*** Exercise inputs ***

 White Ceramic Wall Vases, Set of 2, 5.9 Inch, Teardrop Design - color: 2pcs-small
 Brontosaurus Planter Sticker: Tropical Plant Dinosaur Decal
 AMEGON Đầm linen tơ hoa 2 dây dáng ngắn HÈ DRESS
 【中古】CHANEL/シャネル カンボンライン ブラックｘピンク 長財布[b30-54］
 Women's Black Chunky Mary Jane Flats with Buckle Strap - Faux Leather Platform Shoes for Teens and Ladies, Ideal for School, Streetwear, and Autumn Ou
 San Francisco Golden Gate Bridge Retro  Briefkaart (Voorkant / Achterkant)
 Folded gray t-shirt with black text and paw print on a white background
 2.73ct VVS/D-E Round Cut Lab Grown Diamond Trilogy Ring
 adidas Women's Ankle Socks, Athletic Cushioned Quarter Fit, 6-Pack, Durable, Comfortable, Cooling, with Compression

*** End of Exercise inputs ***
*** Exercise inputs ***

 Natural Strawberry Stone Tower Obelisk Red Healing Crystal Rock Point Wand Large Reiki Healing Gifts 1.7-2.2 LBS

*** End of Exercise inputs ***

▸ **Problem requirements**: Of the entries listed above, reproduce only the lines starting at the line containing "Brontosaurus Planter Sticker: Tropical" and ending at the line containing "San Francisco Golden". Include both, exactly as they stand.

▸ **Exercise output**:
 Brontosaurus Planter Sticker: Tropical Plant Dinosaur Decal
 AMEGON Đầm linen tơ hoa 2 dây dáng ngắn HÈ DRESS
 【中古】CHANEL/シャネル カンボンライン ブラックｘピンク 長財布[b30-54］
 Women's Black Chunky Mary Jane Flats with Buckle Strap - Faux Leather Platform Shoes for Teens and Ladies, Ideal for School, Streetwear, and Autumn Ou
 San Francisco Golden Gate Bridge Retro  Briefkaart (Voorkant / Achterkant)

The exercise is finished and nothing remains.